Why Specs Ship with Tests: The Rejection Log as Audit Trail

Most software has a trust problem. You deploy code to production. Days later, something breaks in ways your tests didn’t catch. You add more tests. The coverage gets better. But the gap never closes. There’s always a blind spot between what your tests check and what the code actually does in the world.

Specs solve this differently. They don’t try to close the gap. They flip the model.

Instead of “write code first, test second,” specs say: “test cases ARE the spec.” The tests don’t verify the code. The tests define what the code must do. When a spec runs, the success rate is public, deterministic, and impossible to fake. That is the ground truth.

This is why every spec in SpecMarket ships with a test suite. It is not an afterthought. It is not “best practice.” It is foundational.

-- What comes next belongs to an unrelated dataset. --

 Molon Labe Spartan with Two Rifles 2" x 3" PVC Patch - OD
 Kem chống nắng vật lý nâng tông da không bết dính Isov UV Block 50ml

The problem with SaaS trust

When you subscribe to DocuSign, you trust that:

Their e-signature verification works
Your documents are stored securely
The API will be up tomorrow
They won’t change pricing or shut down

You don’t verify any of this yourself. You rely on DocuSign’s reputation, their compliance certifications, their track record. If something goes wrong, they fix it on their schedule. You wait.

The trust model is relational. It depends on the vendor’s honesty, competence, and continued existence. It also depends on alignment — DocuSign optimizes for SaaS retention, which means they don’t optimize for your specific use case. They build features for the average customer. You are not average.

This creates a two-stage failure mode:

Hidden failures: Bugs that only affect your specific workflow
Trust drift: Vendors change features, pricing, or shut down entirely

Both are invisible until they hurt.

How specs invert the model

A spec is a Docker container with:

Functional specification: What the code must do
Test cases: Machine-evaluable success criteria
Tech stack requirements: Dependencies, versions, constraints
Code patterns: How the implementation should be structured

When you run a spec, you get:

Binary outcome: Pass or fail (on every run, on every machine)
Success rate: Percentage of runs that pass
Failure log: Every test that failed, with the input and output
Deterministic proof: The test output is cryptographic evidence of what the spec does

This is not reputation-based trust. This is verification-based trust.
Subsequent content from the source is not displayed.